The 2024 Turbomachinery Exposition took place in London in late June with 2,700 attendees. They showed up in large numbers for the opening keynote about accelerating net-zero via innovation.
Tim Lieuwen, Executive Director, Georgia Institute of Technology, kicked off the keynote by giving a realistic view of the role of the gas turbine in achieving net-zero. He made it clear that a net-zero world without gas turbines would be much more expensive unless you sacrifice reliability.
There is no serious competitor to the gas turbine in aviation. But that is not the case in electric power due to intermittent wind and solar,” said Lieuwen. “The reliability expectations of net-zero are locked into role of gas turbines.”
He said there would not be a place for the gas turbine in a net-zero world if 80% reliability was acceptable. But, as he pointed out, no advanced society would ever accept 80% or even 90% reliability.
The least-cost net zero system looks very different when you consider reliability. The existing natural gas and energy delivery infrastructure, he added, is a successful and efficient way to store and move energy around.
“Fuels, including natural gas and renewable gases, will realistically comprise 50% of energy in a net zero society. “They are great storage and delivery mechanism,” said Lieuwen. “It will be less expensive to arrive at net zero if you include reliable, firm and dispatchable natural gas.”
He accepts that the role of gas turbines will diminish over time as a primary source of energy. But further roles are evolving. Regional markets like CAISO in California and PJM in the Northeast, for example, pay for natural gas capacity, even though unused. They need it to be available should wind or solar resources fall off rapidly.
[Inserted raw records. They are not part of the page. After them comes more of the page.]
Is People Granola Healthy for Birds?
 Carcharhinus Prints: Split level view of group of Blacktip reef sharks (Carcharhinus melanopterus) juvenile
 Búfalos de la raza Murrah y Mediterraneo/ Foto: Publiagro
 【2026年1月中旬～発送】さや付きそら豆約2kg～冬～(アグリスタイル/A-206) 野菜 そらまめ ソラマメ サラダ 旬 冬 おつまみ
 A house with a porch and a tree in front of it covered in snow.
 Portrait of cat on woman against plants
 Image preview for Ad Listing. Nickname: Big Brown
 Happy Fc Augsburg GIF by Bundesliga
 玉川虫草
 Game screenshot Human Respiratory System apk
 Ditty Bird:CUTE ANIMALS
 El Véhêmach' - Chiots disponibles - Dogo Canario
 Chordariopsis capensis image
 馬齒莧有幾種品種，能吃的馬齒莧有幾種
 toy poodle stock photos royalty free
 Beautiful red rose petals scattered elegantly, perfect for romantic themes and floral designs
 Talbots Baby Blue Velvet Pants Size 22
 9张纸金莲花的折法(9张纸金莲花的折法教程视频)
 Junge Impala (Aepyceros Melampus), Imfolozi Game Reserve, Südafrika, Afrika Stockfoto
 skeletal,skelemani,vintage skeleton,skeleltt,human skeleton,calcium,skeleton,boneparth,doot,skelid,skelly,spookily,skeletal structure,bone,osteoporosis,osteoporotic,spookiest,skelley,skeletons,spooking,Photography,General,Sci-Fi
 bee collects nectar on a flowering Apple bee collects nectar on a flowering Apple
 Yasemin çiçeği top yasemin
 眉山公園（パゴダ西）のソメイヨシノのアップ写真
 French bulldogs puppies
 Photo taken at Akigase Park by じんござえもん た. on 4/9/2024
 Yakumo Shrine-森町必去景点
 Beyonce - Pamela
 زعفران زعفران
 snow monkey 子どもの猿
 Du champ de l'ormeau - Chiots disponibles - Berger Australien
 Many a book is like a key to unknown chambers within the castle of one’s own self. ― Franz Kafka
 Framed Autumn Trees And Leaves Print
He was followed by Verena Klapdor, Senior VP of Siemens Energy, who also talked about affordability and reliability and how they must balance sustainability initiatives. Renewables are not there all the time, she said, and natural gas generation provides backup,
As an extreme example. North America recently lost 60 GW of solar power during a solar eclipse that lasted less than five minutes. A more everyday example, from the UK, involved 18 GW of renewable energy disappearing at certain times of the day; 20 GW of gas generation is available to handle such shortfalls.
“Innovation in gas turbines can help to accelerate the energy transition while balancing reliability, sustainability, and affordability,” said Klapdor.
The following day’s keynote attempted to address real-world achievements towards net-zero in propulsion and power. Seiichi Ibaraki, General Manager, Research & Innovation Center, Mitsubishi Heavy Industries, said his company plans to cut CO2 emissions in half by 2030 and eliminate them altogether by 2040.
The company’s plan of action is built on three pillars:
- Decarbonizing the existing infrastructure
- Building a new hydrogen ecosystem
- Building a CO2 ecosystem.
He believes that gas turbines, boilers, and engines can eventually run on hydrogen and ammonia to bring gas turbines to net zero by 2030. Carbon capture will also play a role with MHI using the KM CDR process. “A key part of achieving these goals is connecting physical machines with digital technology,” said Ibaraki.
Mathias Andriamisaina, Head of Hydrogen Demonstrators at Airbus, outlined similar plans for aviation. The roadmap to hydrogen flight, though, is longer.
First, the company plans to use 100% sustainable aviation fuel (SAF) on commercial aircraft by 2030 and, by 2035, be the first major airplane manufacturer to offer hydrogen-powered commercial aircraft.
Complete decarbonization lies in the 2050 timeframe. “We are looking at cryogenic liquid hydrogen storage for most of our new aircraft, as well as designs for electric aircraft,” said Andriamisaina.